Captioned web image data:
☆ ☆ ☆ ☆ ☆

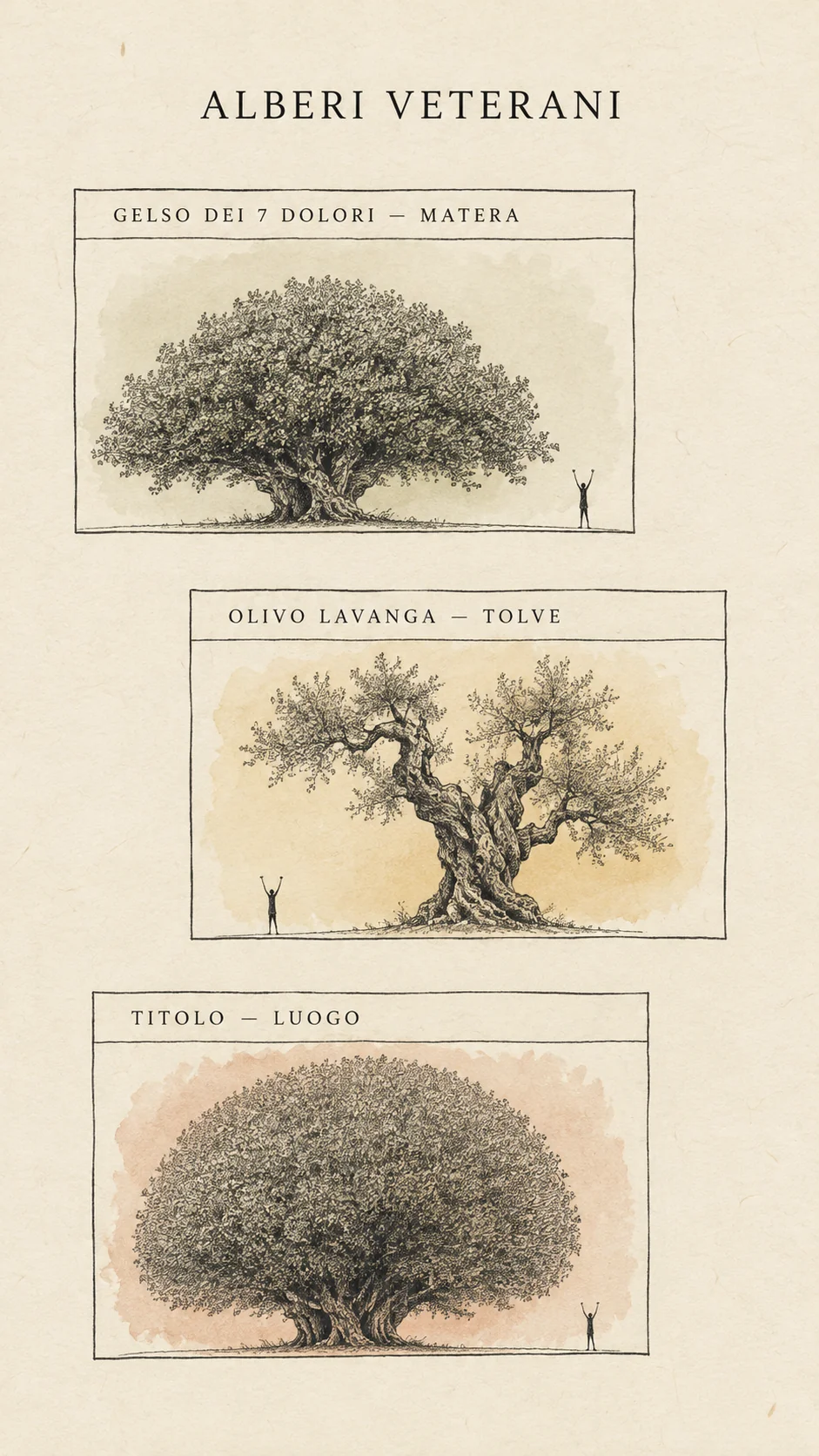 Tavola illustrata con tre alberi veterani: il Gelso dei 7 Dolori a Matera, l’Olivo Lavanga a Tolve e un terzo esemplare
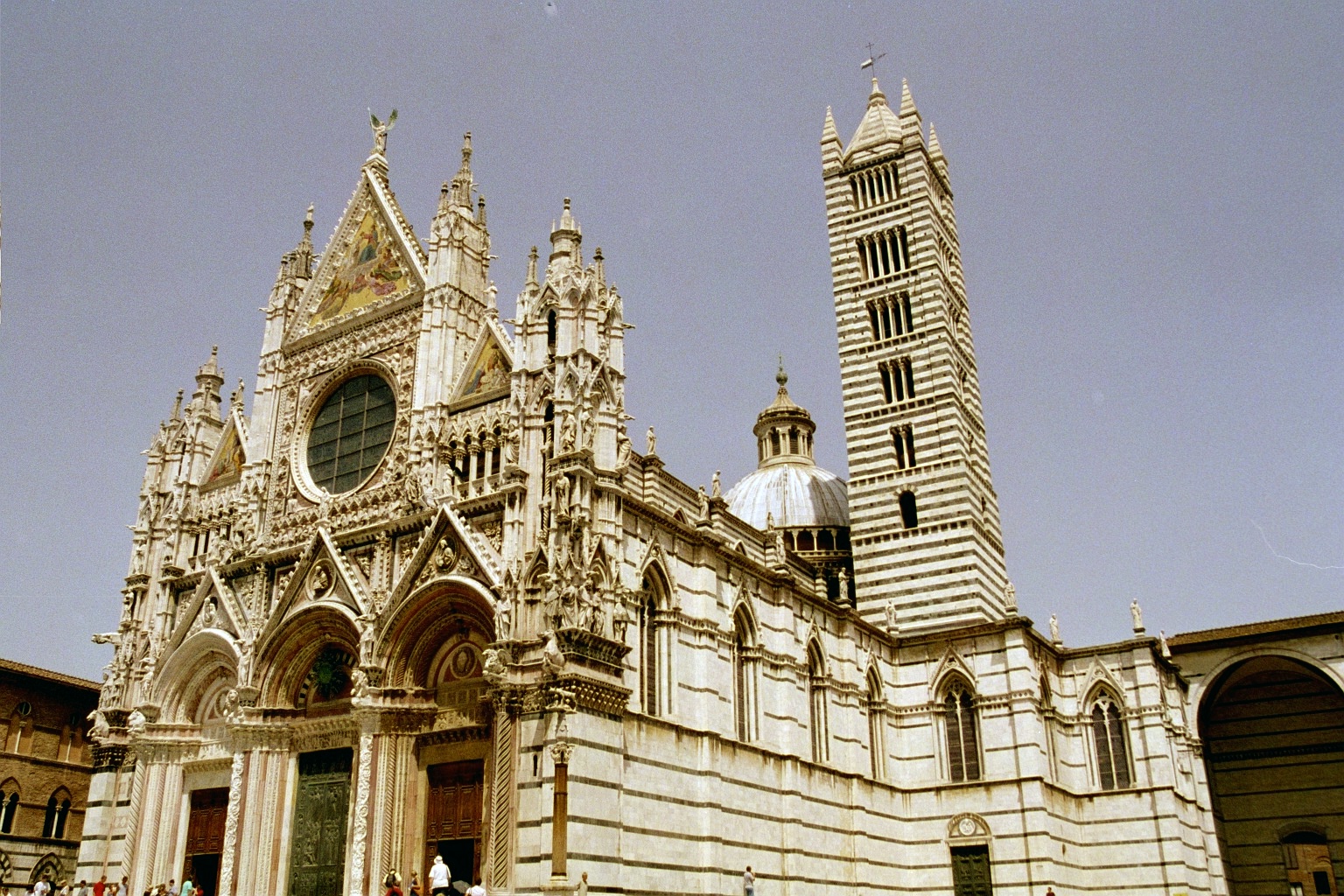 siena6
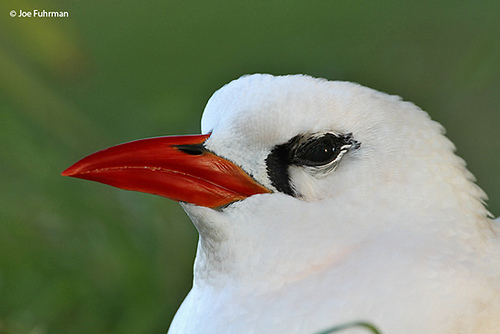 roodstaartkeerkringvogel (1)
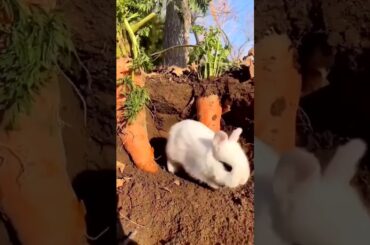 Cute rabbit  - A beautiful moment #184   #shorts
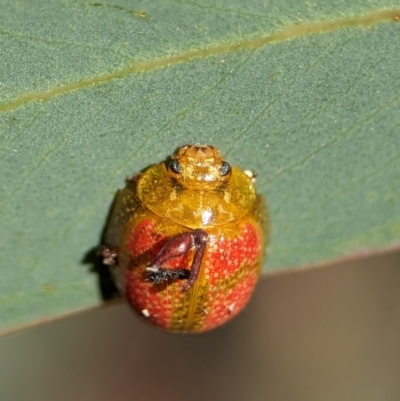 Paropsisterna fastidiosa (Eucalyptus leaf beetle) at Block 402 - 17 Nov 2023 by Miranda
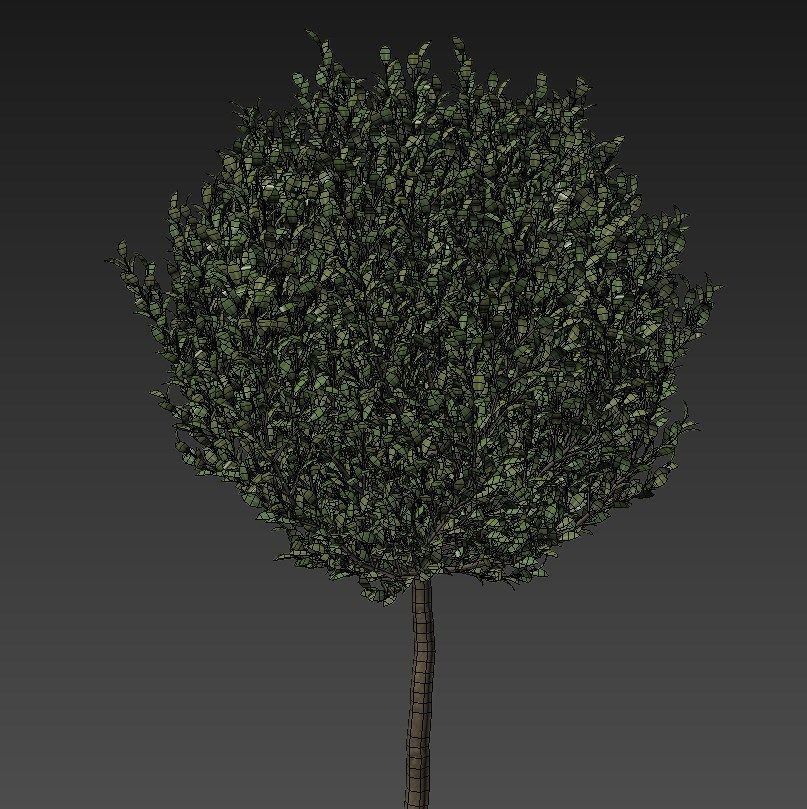 Boxwood - Set-8 three trees in concrete pots 3D model_5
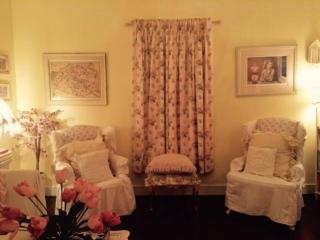 3BR 2BA Historic Mid City family BACH parties FQ!! - 3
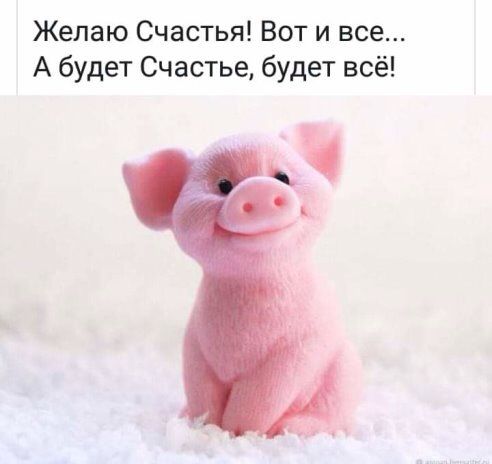 /pic/uploaded/IMG-20181231-WA0006.jpg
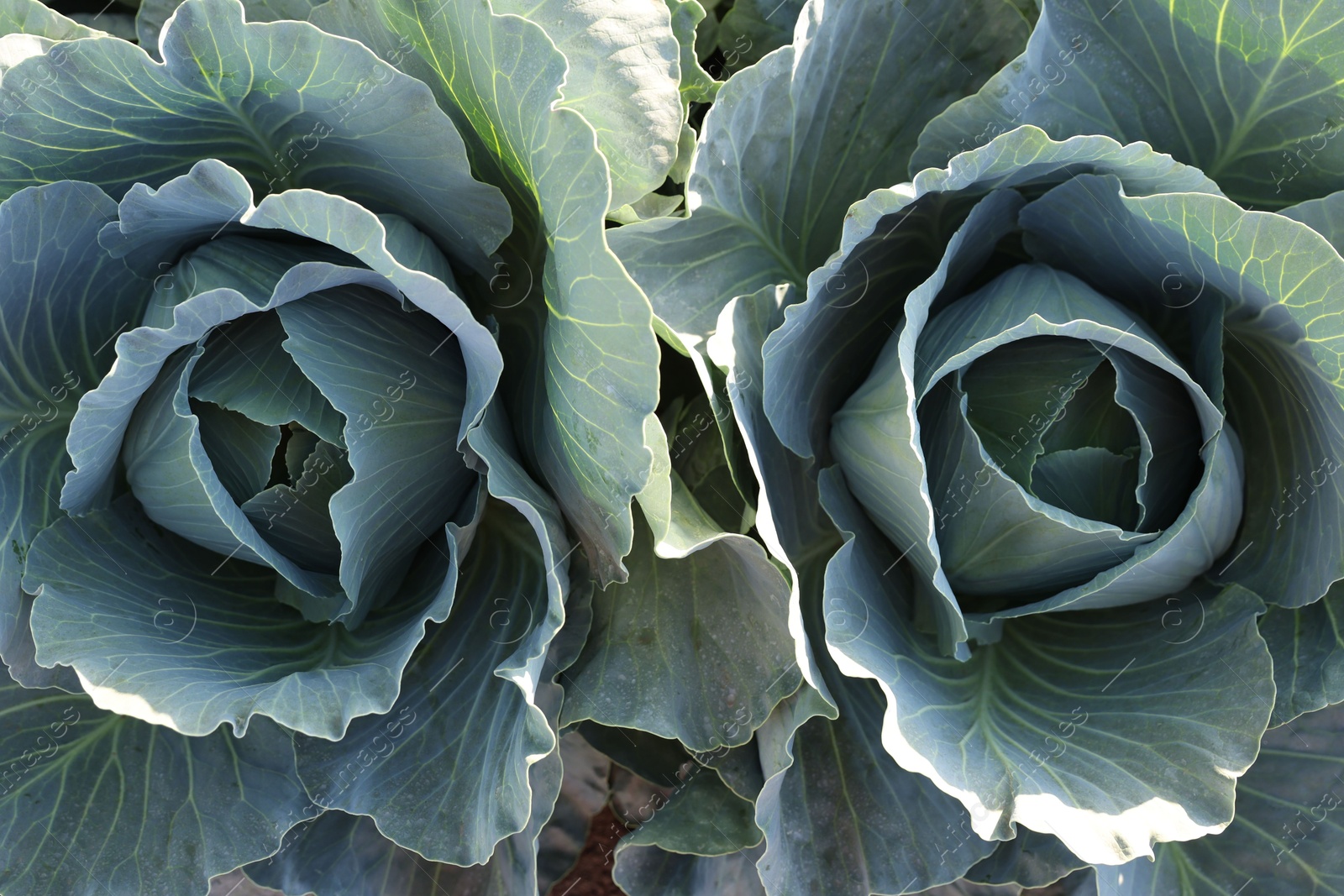 Photo of Green cabbages growing in field on sunny day, top view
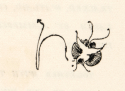  Butterfly, Eden versus Whistler: The Baronet and the Butterfly, p. iv, Glasgow University Library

☆ ☆ ☆ ☆ ☆

= TASK REQUIREMENTS =
Retype the records above exactly, and keep any picture out of what you write.

= ANSWER =
 Tavola illustrata con tre alberi veterani: il Gelso dei 7 Dolori a Matera, l’Olivo Lavanga a Tolve e un terzo esemplare
 siena6
 roodstaartkeerkringvogel (1)
 Cute rabbit  - A beautiful moment #184   #shorts
 Paropsisterna fastidiosa (Eucalyptus leaf beetle) at Block 402 - 17 Nov 2023 by Miranda
 Boxwood - Set-8 three trees in concrete pots 3D model_5
 3BR 2BA Historic Mid City family BACH parties FQ!! - 3
 /pic/uploaded/IMG-20181231-WA0006.jpg
 Photo of Green cabbages growing in field on sunny day, top view
  Butterfly, Eden versus Whistler: The Baronet and the Butterfly, p. iv, Glasgow University Library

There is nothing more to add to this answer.